The Millennium Development Goal of achieving universal primary education by 2015 will be met in nearly all countries. This book, however, documents a deeply disturbing reality behind that fact: for hundreds of millions of children in the developing world, schooling is not producing “education” in any real sense. As the book subtitle says: schooling ain't learning.
It is “education,” of course, not sitting in school, that is included in the United Nations Declaration of Human Rights, and that is viewed universally as both an end of the development process and one of the most powerful means for achieving development. Since the early days of the Center for Global Development in late 2001, we have been concerned with education, and in particular how the actions of the rich and powerful countries can most effectively and quickly support developing countries in making education a reality for all of their citizens—from our contribution to the education MDG prepared for the Millennium Development Project a decade ago, to efforts in the last several years to promote and study the effects of Cash on Delivery Aid pilot projects in improving education outcomes for children in low-income countries, to evaluation of the impact of particular interventions on the performance of schooling systems, to the recent report Schooling Is Not Education! Using Assessment to Change the Politics of Non-Learning, which relies heavily on the evidence presented in this book.
Much of my own work, before the Center opened its doors, was focused on education and its consequences for individual income, women's labor-force participation, and countries’ long-run growth and distribution of income—indeed for development itself broadly conceived. That work also included a study of the link between the quality of schools children attend and the number of years they complete.
Despite all of that personal and institutional history, this book by CGD senior fellow Lant Pritchett surprises and worries me. Indeed it stuns me on two counts: first, the almost numbing but thoroughly convincing completeness of evidence on the learning problem in so much of the developing world; and second, Pritchett's adamant refusal to set out any single better (spider) “model” for school systems to produce learning. He instead promotes fostering the conditions for new, undiscovered, context-specific (starfish) approaches.

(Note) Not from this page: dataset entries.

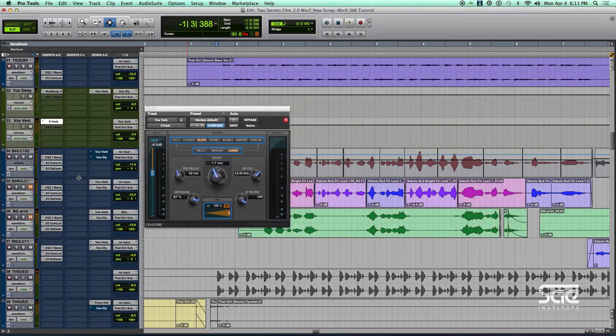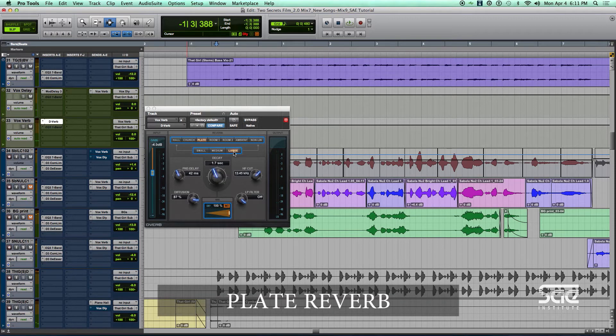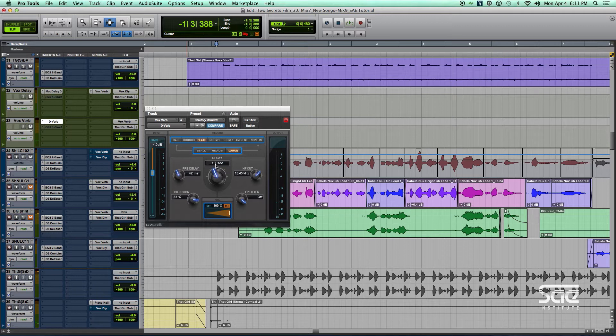So here we have the one reverb that we're using on this voice. You've noticed so far that we're using all standard Digi plugins — they're doing the job. Here we're using a plate. We're choosing the large algorithm, but it's not set super long; it's only set at 1.7 seconds, which is a medium length reverb time.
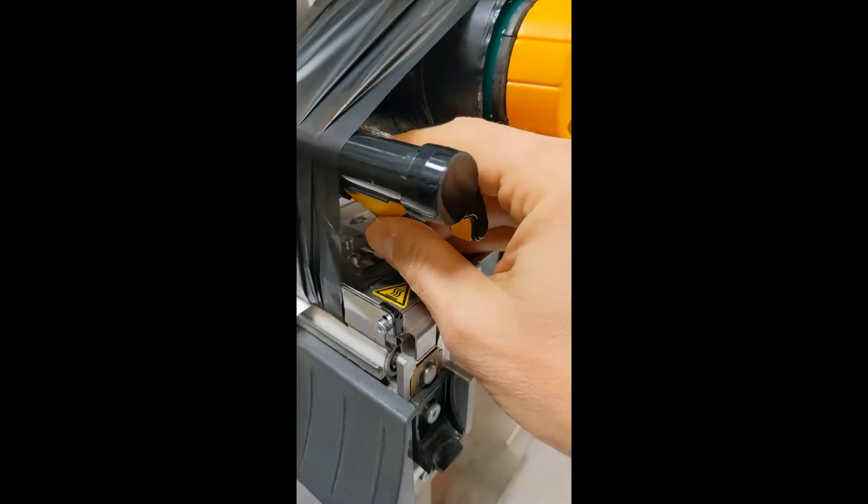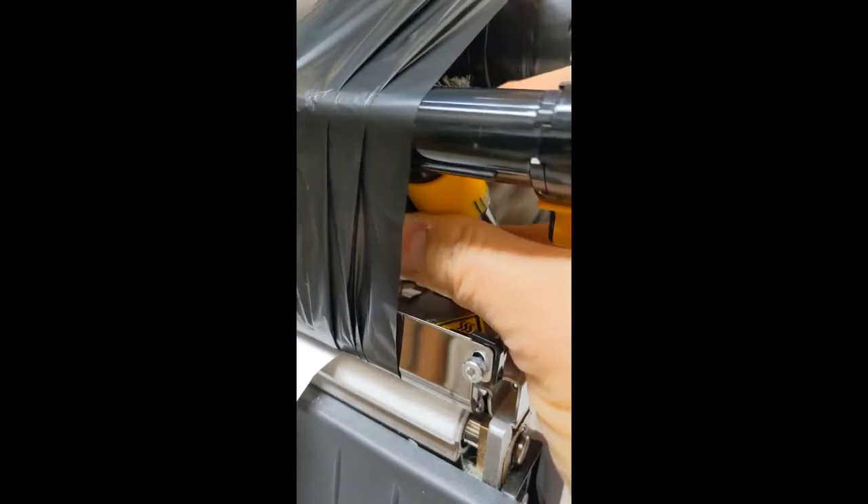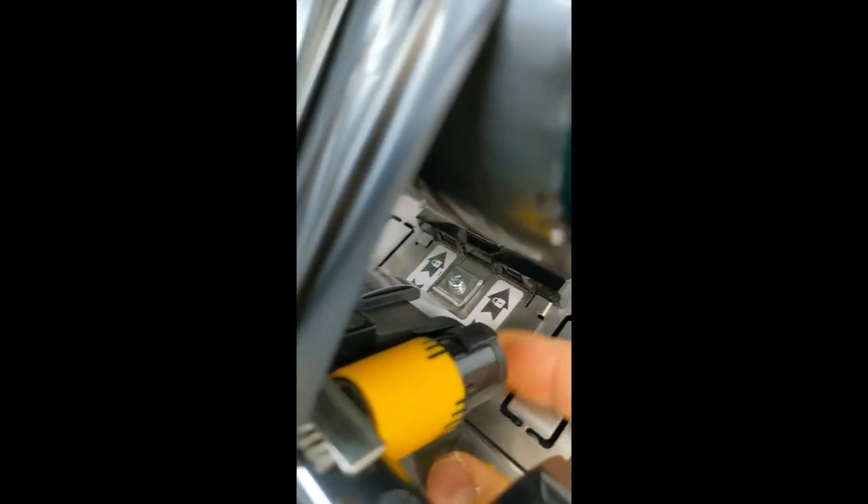Now you can work clockwise — clockwise is looser. That's all the way; you can feel the pressure on the bottom there, all the way loose.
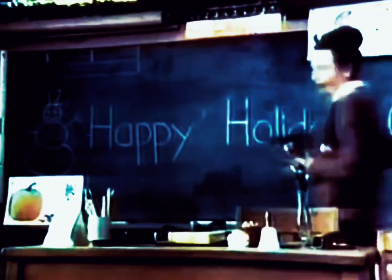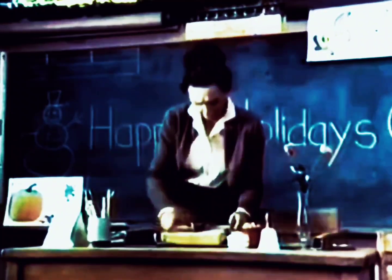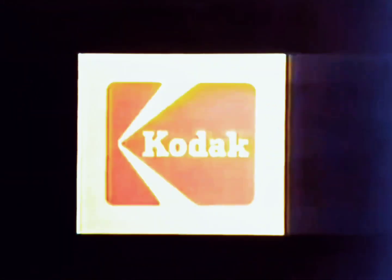Once in a while, you give just for the fun of it. When you give a Kodak Tele-Instamatic camera outfit, you give everything you need to take exciting color pictures on Christmas morning. Tele-Instamatic cameras take pictures two ways: normal shots and telephoto shots. Kodak Tele-Instamatic cameras start at less than $39, outfits a few dollars more.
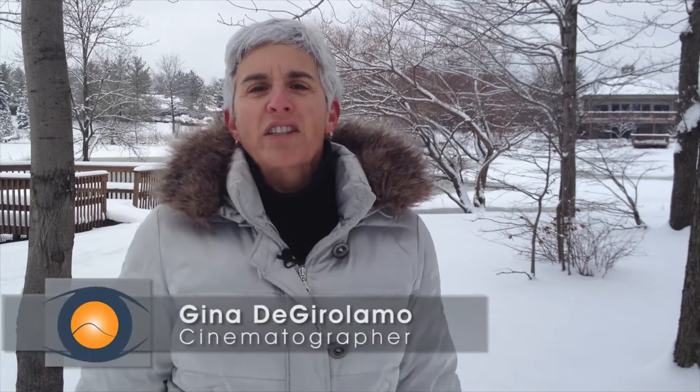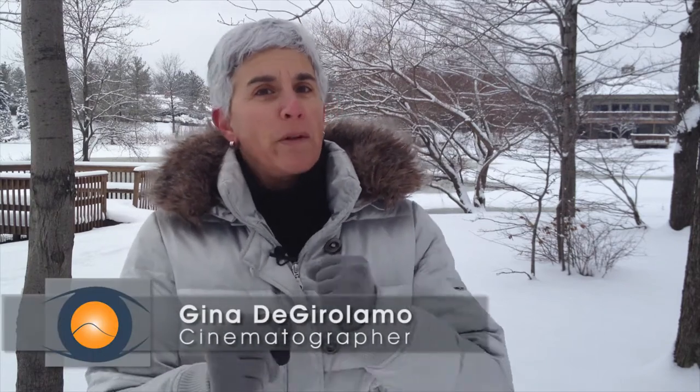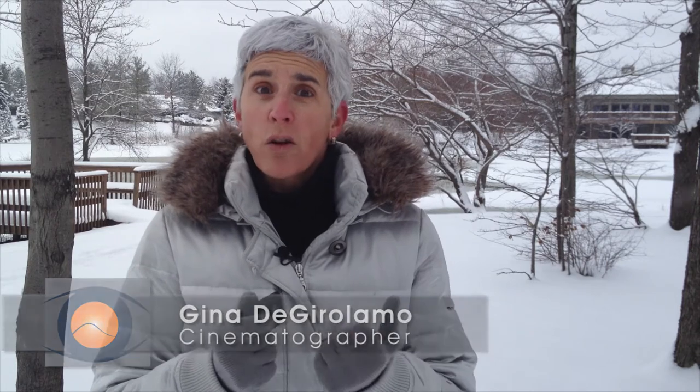Hey everybody, it's Gina DeWitt Video Quest Adventures and I'm still out here in the cold. I'm going to make this one really quick because it's cold out here. I don't really like shooting in this cold weather. I enjoy being out here, it's great, it's really fun, but I want to get things done quickly. What I've noticed is my phone doesn't really like this cold weather either — it shuts down when it gets cold, really quickly, even though it shows it has half a charge.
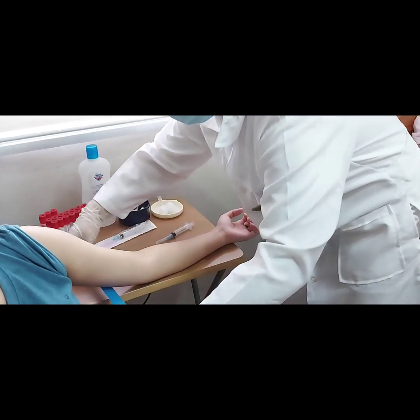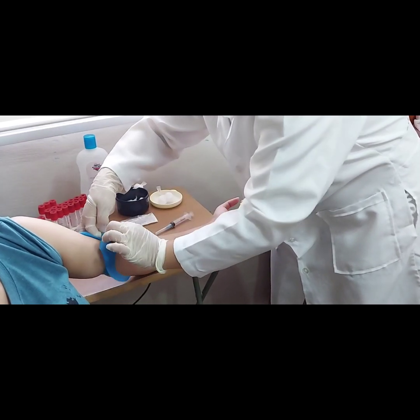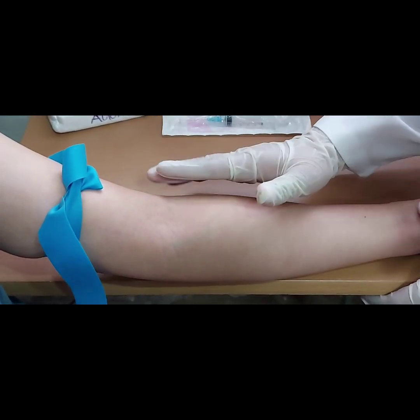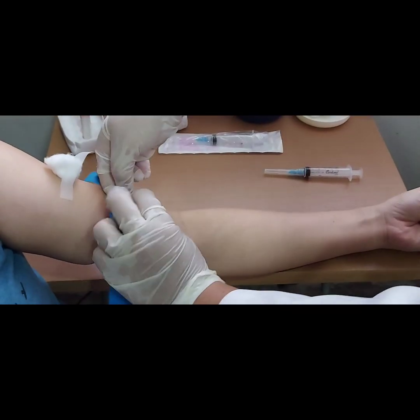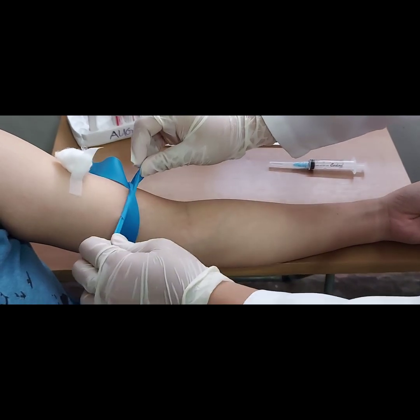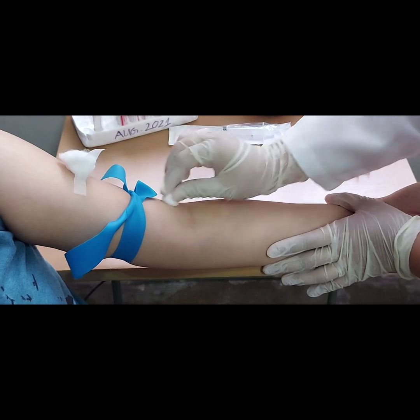Put on the tourniquet on your patient's arm. Tell your patient to make a fist prior to collection. Palpate the vein of choice. Prepare the arm of your patient by putting on the tourniquet. Disinfect the site of collection with your wet cotton balls and allow it to air dry.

The evidence, from recent assessments, that something needs to be done to improve education is overwhelming. Here is just a sampling:
— In India less than half of children surveyed in grade 5 could read a story for second graders (and over 1 in 4 could not read a simple sentence), and only slightly more than half could do subtraction. Results over several years were getting worse, not better.
— In Tanzania over 65 percent of students who sat the 2012 examination for secondary school (Form IV) completers failed, with the worst possible results. In re-scored results using an earlier, more lax standard, more than 40 percent failed.
— In Indonesia, Jordan, Malaysia, Oman, Thailand, and Tunisia, scores on an internationally comparable mathematics and science test in 2011 declined overall compared to earlier years. (Chile's and Korea's scores were up and Iran's were roughly constant.)
Pritchett's idea for a “rebirth” of education has little to do with organizational systems and much to do with breaking schools free of their century-old roots in an entirely different and far less interconnected and interdependent global economy. That will be difficult. The success of the last several decades in getting to near-universal primary school enrollment has built in patterns of thought, advocacy, and action that are hard to alter—even when it is clear that “more of the same” won't do.
Like Pritchett's earlier CGD book on migration, Let Their People Come, this one presents a challenge of the first order. Easy answers, he argues, even if they will do some good, will not be enough. It is a bold and controversial challenge, but one that we at CGD are committed to promoting.